John B. Williams was born on February 27th, 1941 in the Bronx, New York, and lived on Sugar Hill in Harlem as the only son of a middle-class family surrounded by beautiful, talented women and beautiful music. Music was a staple in his house.
His sisters, Jackie and Joyce, inspired him to play drums and piano. His mother favored the quieter piano, although, eventually she bought him his first drum set at age twelve. He also learned to play Latin percussion (Congas, Bongos, and Timbales) do to his upbringing in racially mixed ‘Sugar Hill,” As a teen, he played drums at community events and then the piano with a neighborhood jazz group called “The Jazz Disciples.” They won the Amateur Night contest at the famed Apollo Theatre three weeks in a row.
Another sister, June, convinced their mother that John should study ballet to keep me off the streets. Ballet had exposed me to modem dance and the music of Stravinski, Copeland, Bernstein as well as Broadway musical theatre.
Yet another sister, Jean, played bass in her Seward Park High School orchestra, and she introduced him to the instrument that would stay with him for the next fifty years.
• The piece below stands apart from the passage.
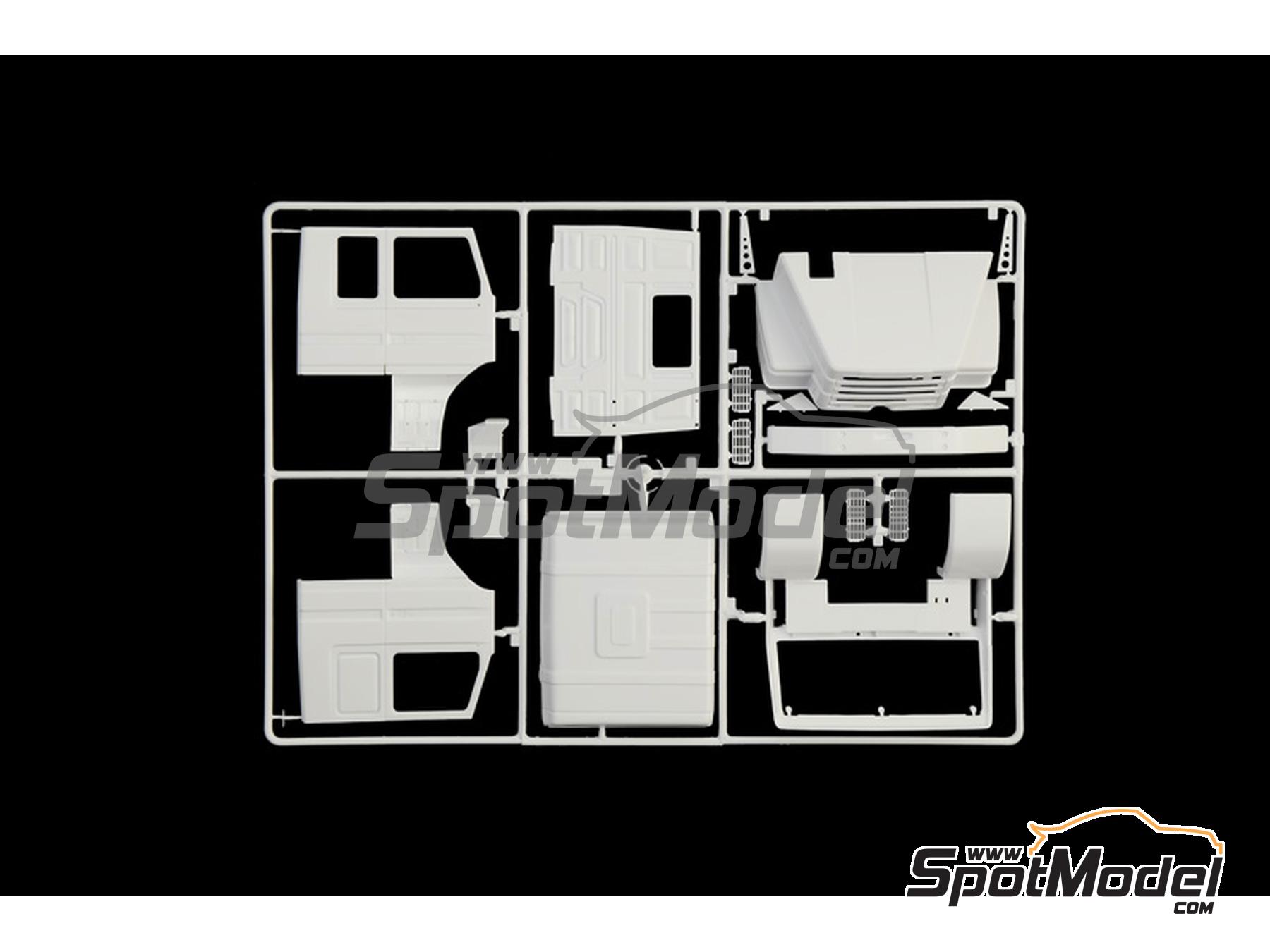 Image 6: Scania T143 M500 Topline | Tractor head scale model kit in 1/24 scale manufactured by Italeri (ref.&nbsp;736, also 8001283807364 and 0736)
In a career that spans more than fifty years, John B. Williams has performed with some the world’s most renowned jazz artists—Nancy Wilson, Horace Silver, Count Basie, Louie Bellson, Billy Cobham, Dizzy Gillespie, Louis Armstrong, and the Manhattan Transfer, to name a few. He was a fixture on late-night television, first with Doc Severinsen’s house band on the Tonight Show starring Johnny Carson, and later as part of the Posse on the Arsenio Hall Show.